--- DATA TO USE ---

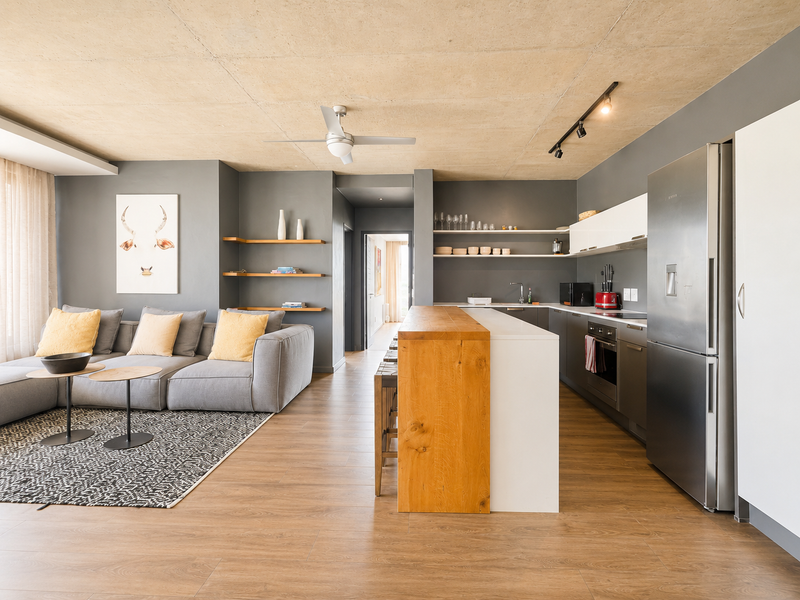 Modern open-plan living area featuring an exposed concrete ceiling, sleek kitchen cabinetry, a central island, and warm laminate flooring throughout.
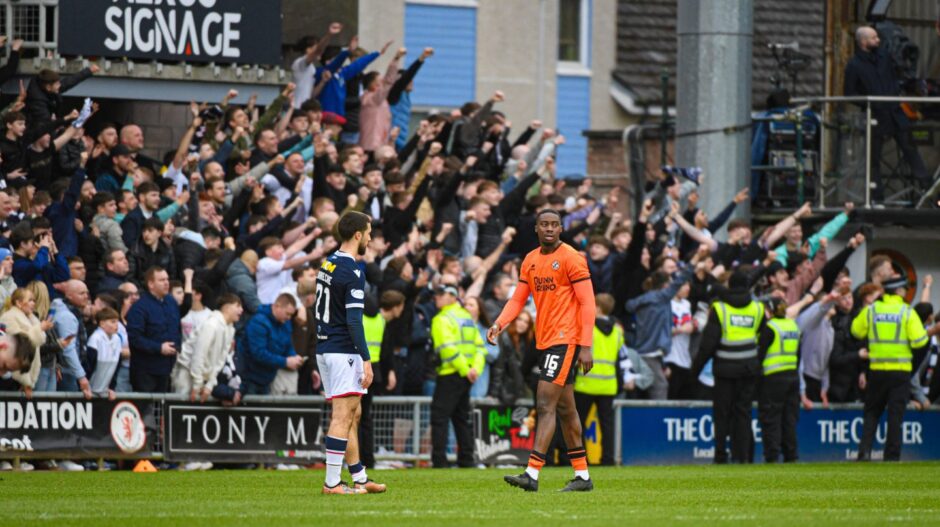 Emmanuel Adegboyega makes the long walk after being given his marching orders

---
--- DATA TO USE ---

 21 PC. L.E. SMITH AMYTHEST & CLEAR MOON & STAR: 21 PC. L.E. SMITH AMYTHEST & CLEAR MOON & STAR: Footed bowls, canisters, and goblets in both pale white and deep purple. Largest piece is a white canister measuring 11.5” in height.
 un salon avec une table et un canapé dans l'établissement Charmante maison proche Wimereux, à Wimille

---
--- DATA TO USE ---

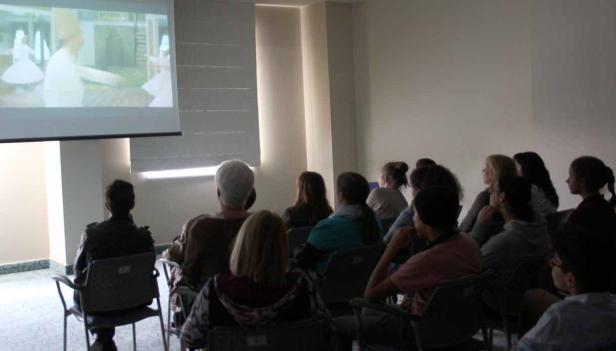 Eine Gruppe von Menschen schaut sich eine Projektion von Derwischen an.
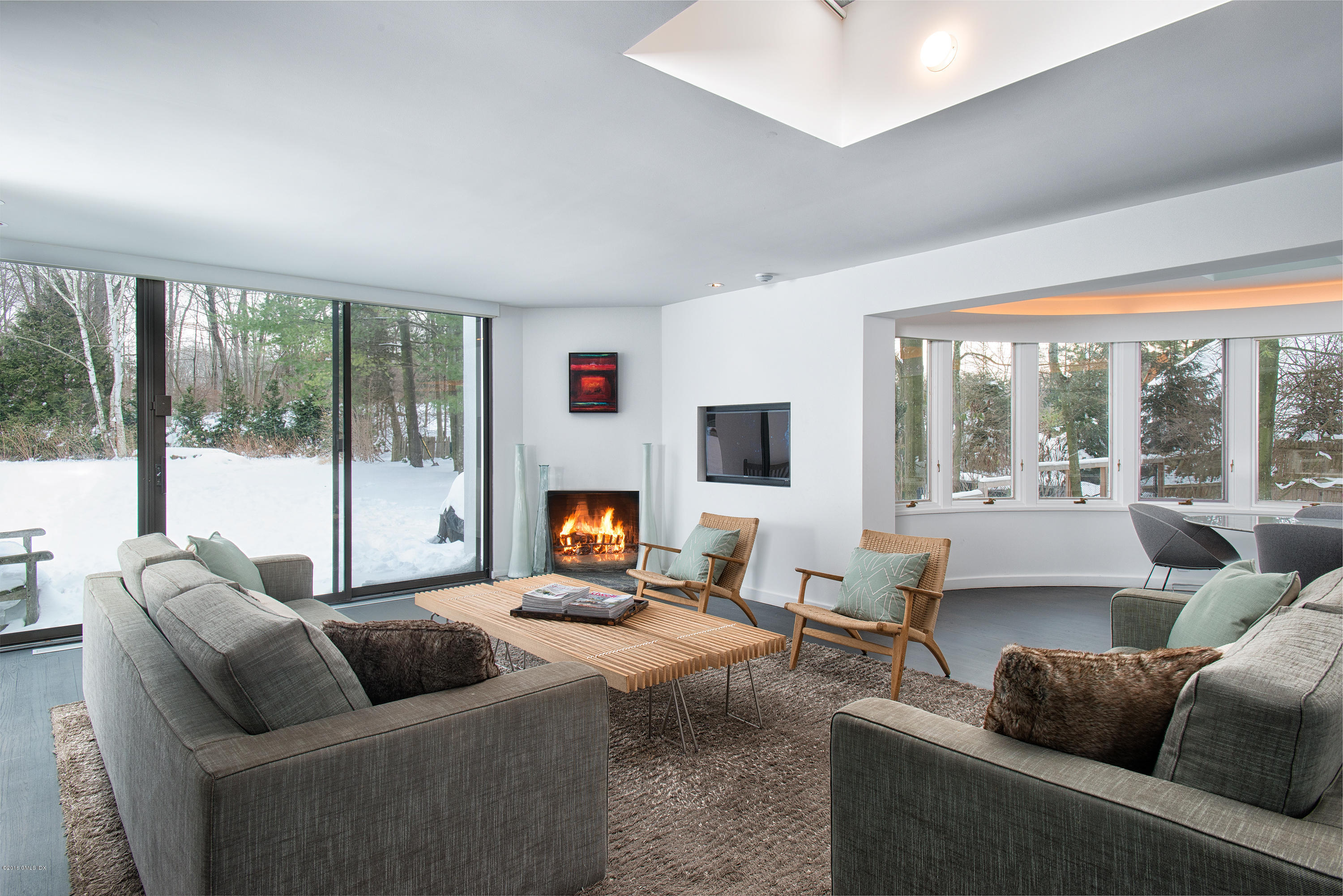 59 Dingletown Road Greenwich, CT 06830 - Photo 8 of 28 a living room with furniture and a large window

---

→ WHAT IS EXPECTED:
Reproduce exactly, with no pictures, the lines above from the one holding "Modern open-plan living" to the one holding "Emmanuel Adegboyega makes", inclusive.

→ EXERCISE RESPONSE:
 Modern open-plan living area featuring an exposed concrete ceiling, sleek kitchen cabinetry, a central island, and warm laminate flooring throughout.
 Emmanuel Adegboyega makes the long walk after being given his marching orders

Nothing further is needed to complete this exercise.